What Is There To Possibly Hope For In The Show Trial of Aleksei Navalny?

Other Than The Eternal Wish Justice Improves?

Imagine this board's meaning to a Defendant or a King?

On the first day of trial in Kirov, Russia, the initial BBC report stated that, after pleading innocent, Aleksei Navalny stood before the court and denounced his embezzlement trial as politically motivated. BBC even included the following positive picture of Mr. Navalny wearing a pre-trial demonstration smile.

While the RT headline above the picture below was, 
Opposition leader Navalny goes on trial, claims case 'politically motivated'

Nice how the world's commercial freedom allows our witnessing as straight forward and honed press coverage as any in the Stalinist Era, so to speak. Prosecutors had public support then too. An especially clear parallel when, after polishing off the details of the state's case, RT explains, with complete commercial callousness, that a survey basically found enough folks aren't aware justice isn't being served to care if the country's professionals can't afford principles. The craft of controlling public opinion is not Free Speech, yet world's great substitute.

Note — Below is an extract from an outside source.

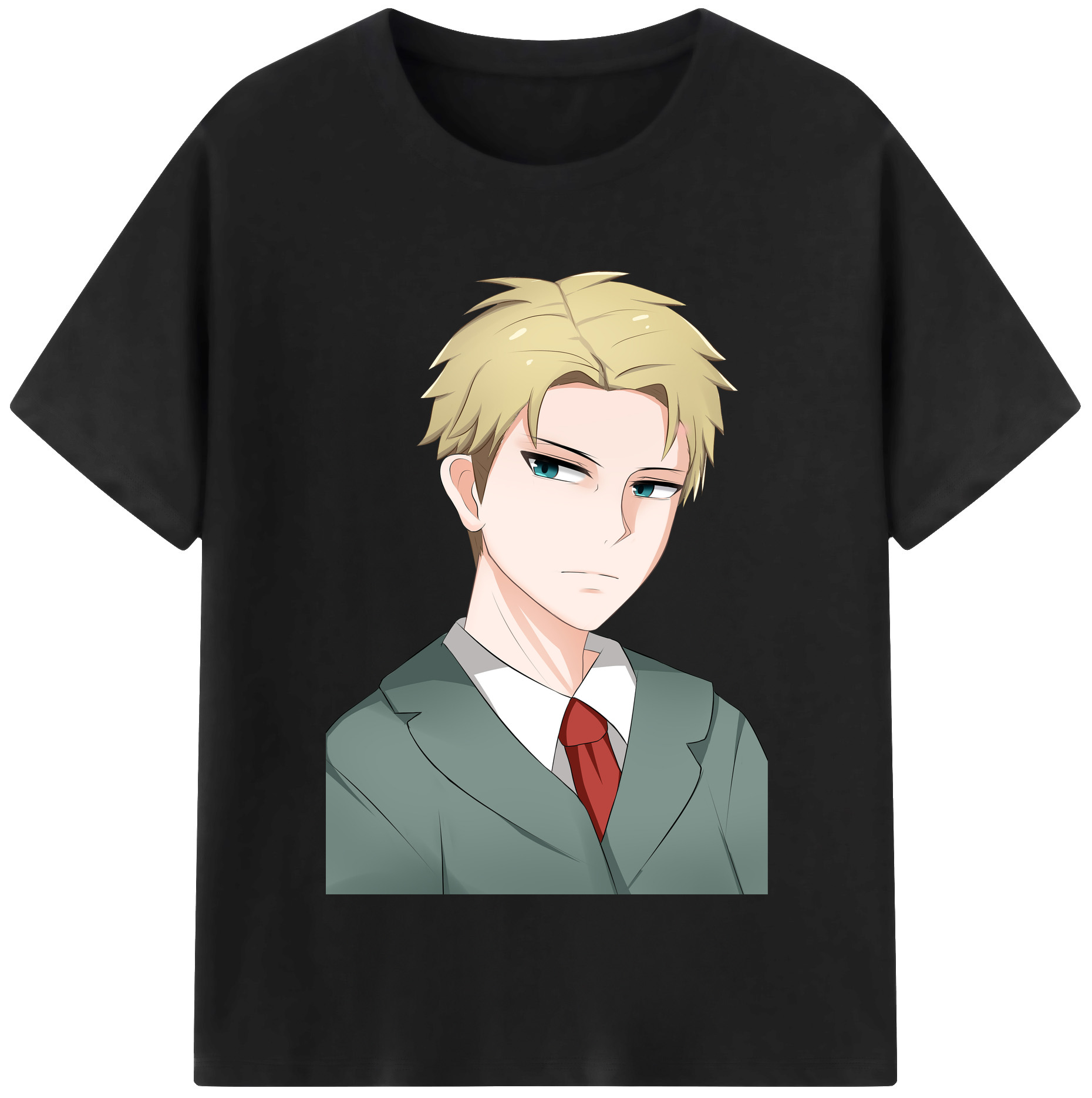 （画像用） SPY×FAMILY间谍家家酒 レディースカジュアルプリントTシャツ（綿100％）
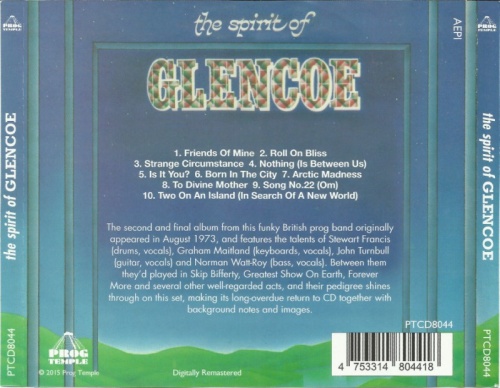 Glencoe - The Spirit Of Glencoe (1973) [Remastered, 2015] Lossless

Heck. The Russian legal culture is intact. Lawyers vs. lawyers, to a degree, kind of, sort of. Mr. Navalny is a lawyer. In the US, unless caught holding the smoking gun, a potential political hotshot is left alone so as to not raise the assumption of political impropriety. Imagine your country so weak there's no test for political propriety?  

A last Sunday editorial, A Blogger on Trial, by Bill Keller, in The New York Times, excellently summed up the Russian legal system's low trajectory toward a more complete openness. The following in italics was my comment on Mr. Keller's essay, finished just after the public comments were closed on 4/22/13 at 53
Amnesty for Everyone if no one is Innocent of Corruption? Sounds as ludicrous as President Putin, or anyone, being in a position to change Russian greed. How far America's relationship with corruption has evolved is always on trial every day. It must seem to Russians, fair trials are fairy tales, just as Americans know justice can be. This is Russia’s president’s cue to not turn his head and smile and say the courts aren’t his problem unless seen as another Stalin is his legacy? Then, for now, everything remains the same. Celebrities on trial and variations on martial law.

RUSSIA BEYOND THE HEADLINES covers the President's Popularity, and a March 23rd essay in The New York Times concerns Russia's wealth management. I just hope everything works out for everyone. Far be it from me to complain about  Russian politics, ... 


Coincidentally, in a record 4 hour and 47 minute televised Q & A, the president is accused, without quotes, of saying he’d personally ordered the general prosecutor’s office to approach the Navalny case objectively. Yes please, indeed sir, I'd appreciate some more fine-tune adjusting of those rose colored glasses.